*WHAT IS BEING ASKED*. Exactly and only the lines below from the one containing "Antique Napoleon III" down to the one containing "New boohooMAN Layered" are wanted, both included; please exclude every picture.

*EXCERPTED RECORDS*.

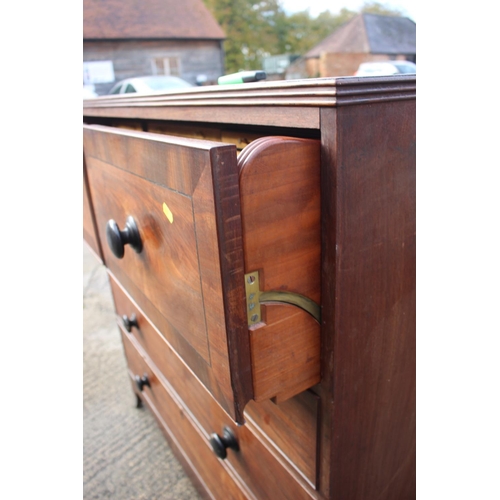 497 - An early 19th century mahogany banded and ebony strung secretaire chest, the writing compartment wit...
--
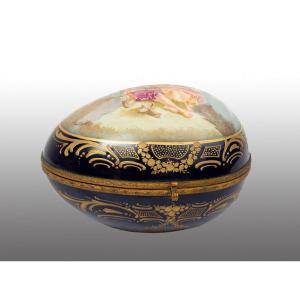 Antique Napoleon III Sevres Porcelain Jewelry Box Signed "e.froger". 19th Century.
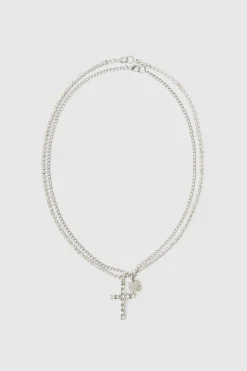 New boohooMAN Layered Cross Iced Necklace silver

*EXERCISE ANSWER*.
 Antique Napoleon III Sevres Porcelain Jewelry Box Signed "e.froger". 19th Century.
 New boohooMAN Layered Cross Iced Necklace silver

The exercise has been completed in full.